How to complete this task: Go through the data below and copy it exactly, skipping every picture.

Exercise data:
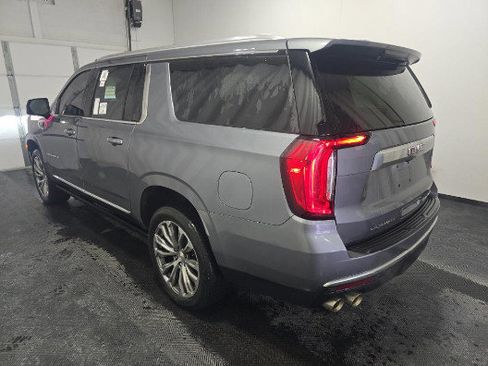 Used 2021 GMC Yukon XL Denali w/ Denali Premium Package image 4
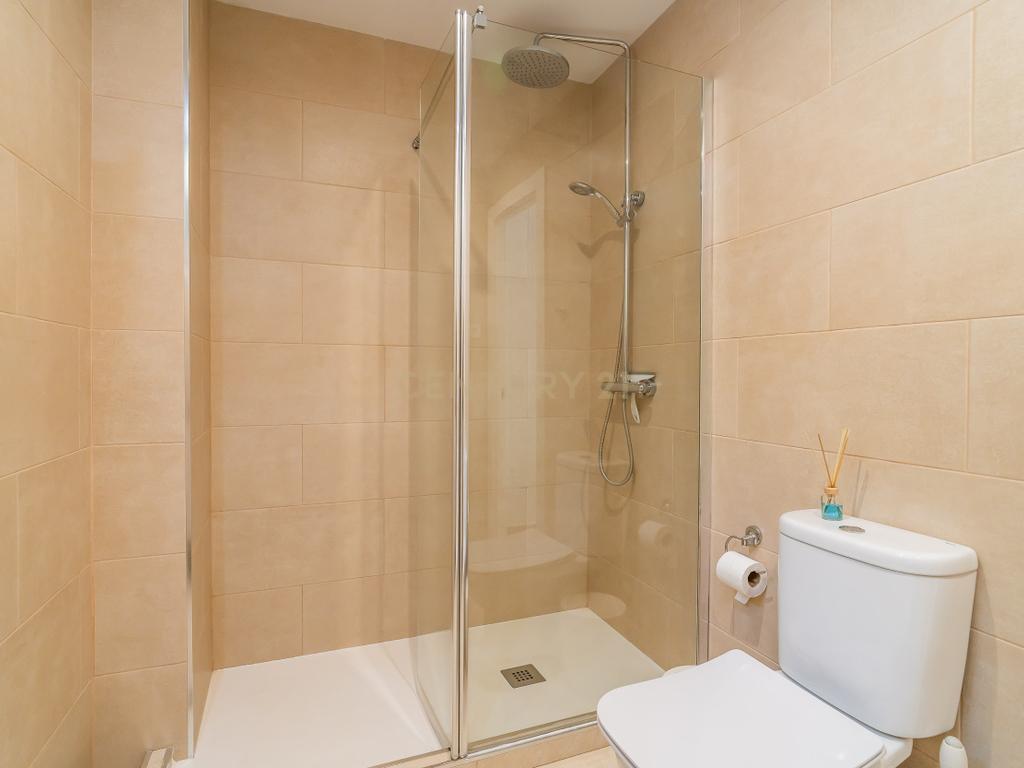 Moradia renovada com vista para o mar e perto da praia – Torreblanca, Fuengirola - Image 27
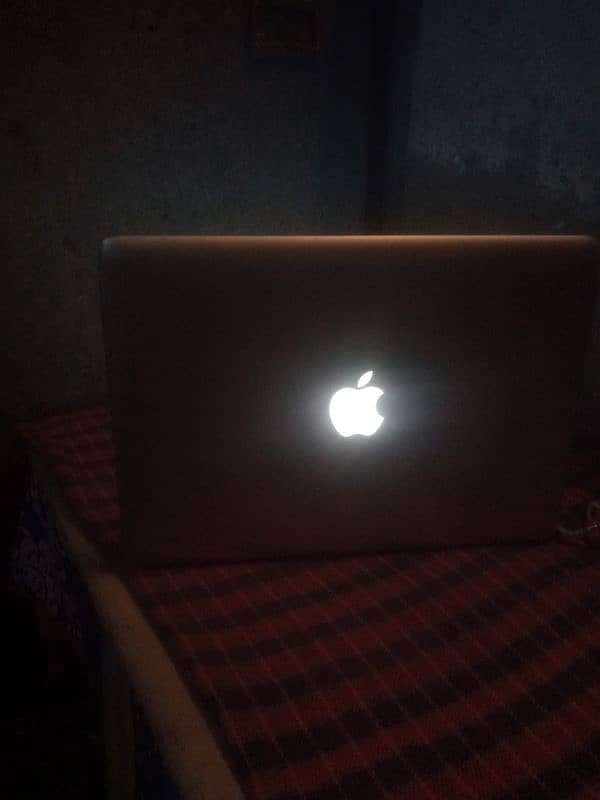 MacBook pro 1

Answer to the exercise:
 Used 2021 GMC Yukon XL Denali w/ Denali Premium Package image 4
 Moradia renovada com vista para o mar e perto da praia – Torreblanca, Fuengirola - Image 27
 MacBook pro 1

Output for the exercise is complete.